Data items
= = = = = = =

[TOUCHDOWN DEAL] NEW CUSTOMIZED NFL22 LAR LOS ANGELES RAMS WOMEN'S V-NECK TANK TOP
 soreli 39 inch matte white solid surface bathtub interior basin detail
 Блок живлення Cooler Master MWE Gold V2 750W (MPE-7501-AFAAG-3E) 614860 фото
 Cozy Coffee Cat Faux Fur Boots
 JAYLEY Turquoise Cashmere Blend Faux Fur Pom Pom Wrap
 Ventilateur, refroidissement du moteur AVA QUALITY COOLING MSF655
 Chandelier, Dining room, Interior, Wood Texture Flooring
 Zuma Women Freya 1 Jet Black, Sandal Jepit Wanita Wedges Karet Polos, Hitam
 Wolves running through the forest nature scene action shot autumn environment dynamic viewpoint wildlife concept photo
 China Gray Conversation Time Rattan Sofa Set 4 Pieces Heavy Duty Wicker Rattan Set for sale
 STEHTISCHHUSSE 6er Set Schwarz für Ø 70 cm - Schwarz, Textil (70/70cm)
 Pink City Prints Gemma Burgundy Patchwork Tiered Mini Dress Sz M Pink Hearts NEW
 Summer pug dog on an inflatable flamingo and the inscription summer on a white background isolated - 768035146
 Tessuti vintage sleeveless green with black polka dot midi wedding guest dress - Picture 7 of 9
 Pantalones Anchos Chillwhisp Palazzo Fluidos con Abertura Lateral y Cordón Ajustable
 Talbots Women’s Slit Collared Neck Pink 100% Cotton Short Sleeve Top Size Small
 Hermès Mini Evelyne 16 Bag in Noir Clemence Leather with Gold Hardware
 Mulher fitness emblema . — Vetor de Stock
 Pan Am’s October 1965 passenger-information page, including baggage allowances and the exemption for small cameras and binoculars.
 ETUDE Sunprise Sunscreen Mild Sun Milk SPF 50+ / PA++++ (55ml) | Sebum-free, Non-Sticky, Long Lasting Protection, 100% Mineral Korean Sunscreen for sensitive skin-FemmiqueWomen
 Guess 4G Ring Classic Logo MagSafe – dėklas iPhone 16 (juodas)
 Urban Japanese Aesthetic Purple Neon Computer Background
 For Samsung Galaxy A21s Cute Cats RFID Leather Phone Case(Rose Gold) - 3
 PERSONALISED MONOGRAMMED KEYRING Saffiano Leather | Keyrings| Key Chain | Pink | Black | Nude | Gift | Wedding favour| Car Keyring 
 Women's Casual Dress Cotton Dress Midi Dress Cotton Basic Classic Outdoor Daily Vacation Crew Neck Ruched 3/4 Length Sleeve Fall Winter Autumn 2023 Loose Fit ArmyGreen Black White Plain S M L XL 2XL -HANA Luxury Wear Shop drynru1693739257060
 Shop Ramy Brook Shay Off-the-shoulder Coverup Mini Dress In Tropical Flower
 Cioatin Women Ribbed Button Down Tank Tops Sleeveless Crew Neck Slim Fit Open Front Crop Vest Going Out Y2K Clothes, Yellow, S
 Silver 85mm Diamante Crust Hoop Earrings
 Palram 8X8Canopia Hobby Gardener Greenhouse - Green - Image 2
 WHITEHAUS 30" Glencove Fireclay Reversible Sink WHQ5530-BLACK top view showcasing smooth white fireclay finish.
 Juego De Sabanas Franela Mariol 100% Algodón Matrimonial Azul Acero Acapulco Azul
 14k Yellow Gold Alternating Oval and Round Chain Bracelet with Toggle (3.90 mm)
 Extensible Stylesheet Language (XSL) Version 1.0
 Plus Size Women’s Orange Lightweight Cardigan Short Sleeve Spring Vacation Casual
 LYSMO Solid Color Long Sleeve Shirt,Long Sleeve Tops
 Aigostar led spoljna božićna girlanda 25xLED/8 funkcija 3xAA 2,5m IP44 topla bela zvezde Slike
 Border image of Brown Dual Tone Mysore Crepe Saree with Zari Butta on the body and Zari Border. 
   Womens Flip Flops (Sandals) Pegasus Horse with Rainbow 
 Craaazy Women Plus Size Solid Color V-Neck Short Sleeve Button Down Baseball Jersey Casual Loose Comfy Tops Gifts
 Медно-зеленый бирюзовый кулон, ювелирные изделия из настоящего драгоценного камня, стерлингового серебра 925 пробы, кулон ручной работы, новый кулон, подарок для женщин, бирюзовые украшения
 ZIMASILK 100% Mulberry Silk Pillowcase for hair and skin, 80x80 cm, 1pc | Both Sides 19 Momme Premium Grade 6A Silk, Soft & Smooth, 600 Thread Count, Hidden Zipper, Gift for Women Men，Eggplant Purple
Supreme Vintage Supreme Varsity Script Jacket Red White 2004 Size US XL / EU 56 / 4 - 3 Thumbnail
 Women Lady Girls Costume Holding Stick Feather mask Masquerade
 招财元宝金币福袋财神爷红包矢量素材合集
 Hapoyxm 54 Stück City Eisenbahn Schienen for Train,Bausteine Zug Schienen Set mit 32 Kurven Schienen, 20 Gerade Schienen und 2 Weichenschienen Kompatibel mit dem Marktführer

= = = = = = =

= Assignment =
Copy out the data exactly, keeping each line whole.

= Solution to this exercise =
[TOUCHDOWN DEAL] NEW CUSTOMIZED NFL22 LAR LOS ANGELES RAMS WOMEN'S V-NECK TANK TOP
 soreli 39 inch matte white solid surface bathtub interior basin detail
 Блок живлення Cooler Master MWE Gold V2 750W (MPE-7501-AFAAG-3E) 614860 фото
 Cozy Coffee Cat Faux Fur Boots
 JAYLEY Turquoise Cashmere Blend Faux Fur Pom Pom Wrap
 Ventilateur, refroidissement du moteur AVA QUALITY COOLING MSF655
 Chandelier, Dining room, Interior, Wood Texture Flooring
 Zuma Women Freya 1 Jet Black, Sandal Jepit Wanita Wedges Karet Polos, Hitam
 Wolves running through the forest nature scene action shot autumn environment dynamic viewpoint wildlife concept photo
 China Gray Conversation Time Rattan Sofa Set 4 Pieces Heavy Duty Wicker Rattan Set for sale
 STEHTISCHHUSSE 6er Set Schwarz für Ø 70 cm - Schwarz, Textil (70/70cm)
 Pink City Prints Gemma Burgundy Patchwork Tiered Mini Dress Sz M Pink Hearts NEW
 Summer pug dog on an inflatable flamingo and the inscription summer on a white background isolated - 768035146
 Tessuti vintage sleeveless green with black polka dot midi wedding guest dress - Picture 7 of 9
 Pantalones Anchos Chillwhisp Palazzo Fluidos con Abertura Lateral y Cordón Ajustable
 Talbots Women’s Slit Collared Neck Pink 100% Cotton Short Sleeve Top Size Small
 Hermès Mini Evelyne 16 Bag in Noir Clemence Leather with Gold Hardware
 Mulher fitness emblema . — Vetor de Stock
 Pan Am’s October 1965 passenger-information page, including baggage allowances and the exemption for small cameras and binoculars.
 ETUDE Sunprise Sunscreen Mild Sun Milk SPF 50+ / PA++++ (55ml) | Sebum-free, Non-Sticky, Long Lasting Protection, 100% Mineral Korean Sunscreen for sensitive skin-FemmiqueWomen
 Guess 4G Ring Classic Logo MagSafe – dėklas iPhone 16 (juodas)
 Urban Japanese Aesthetic Purple Neon Computer Background
 For Samsung Galaxy A21s Cute Cats RFID Leather Phone Case(Rose Gold) - 3
 PERSONALISED MONOGRAMMED KEYRING Saffiano Leather | Keyrings| Key Chain | Pink | Black | Nude | Gift | Wedding favour| Car Keyring 
 Women's Casual Dress Cotton Dress Midi Dress Cotton Basic Classic Outdoor Daily Vacation Crew Neck Ruched 3/4 Length Sleeve Fall Winter Autumn 2023 Loose Fit ArmyGreen Black White Plain S M L XL 2XL -HANA Luxury Wear Shop drynru1693739257060
 Shop Ramy Brook Shay Off-the-shoulder Coverup Mini Dress In Tropical Flower
 Cioatin Women Ribbed Button Down Tank Tops Sleeveless Crew Neck Slim Fit Open Front Crop Vest Going Out Y2K Clothes, Yellow, S
 Silver 85mm Diamante Crust Hoop Earrings
 Palram 8X8Canopia Hobby Gardener Greenhouse - Green - Image 2
 WHITEHAUS 30" Glencove Fireclay Reversible Sink WHQ5530-BLACK top view showcasing smooth white fireclay finish.
 Juego De Sabanas Franela Mariol 100% Algodón Matrimonial Azul Acero Acapulco Azul
 14k Yellow Gold Alternating Oval and Round Chain Bracelet with Toggle (3.90 mm)
 Extensible Stylesheet Language (XSL) Version 1.0
 Plus Size Women’s Orange Lightweight Cardigan Short Sleeve Spring Vacation Casual
 LYSMO Solid Color Long Sleeve Shirt,Long Sleeve Tops
 Aigostar led spoljna božićna girlanda 25xLED/8 funkcija 3xAA 2,5m IP44 topla bela zvezde Slike
 Border image of Brown Dual Tone Mysore Crepe Saree with Zari Butta on the body and Zari Border. 
   Womens Flip Flops (Sandals) Pegasus Horse with Rainbow 
 Craaazy Women Plus Size Solid Color V-Neck Short Sleeve Button Down Baseball Jersey Casual Loose Comfy Tops Gifts
 Медно-зеленый бирюзовый кулон, ювелирные изделия из настоящего драгоценного камня, стерлингового серебра 925 пробы, кулон ручной работы, новый кулон, подарок для женщин, бирюзовые украшения
 ZIMASILK 100% Mulberry Silk Pillowcase for hair and skin, 80x80 cm, 1pc | Both Sides 19 Momme Premium Grade 6A Silk, Soft & Smooth, 600 Thread Count, Hidden Zipper, Gift for Women Men，Eggplant Purple
Supreme Vintage Supreme Varsity Script Jacket Red White 2004 Size US XL / EU 56 / 4 - 3 Thumbnail
 Women Lady Girls Costume Holding Stick Feather mask Masquerade
 招财元宝金币福袋财神爷红包矢量素材合集
 Hapoyxm 54 Stück City Eisenbahn Schienen for Train,Bausteine Zug Schienen Set mit 32 Kurven Schienen, 20 Gerade Schienen und 2 Weichenschienen Kompatibel mit dem Marktführer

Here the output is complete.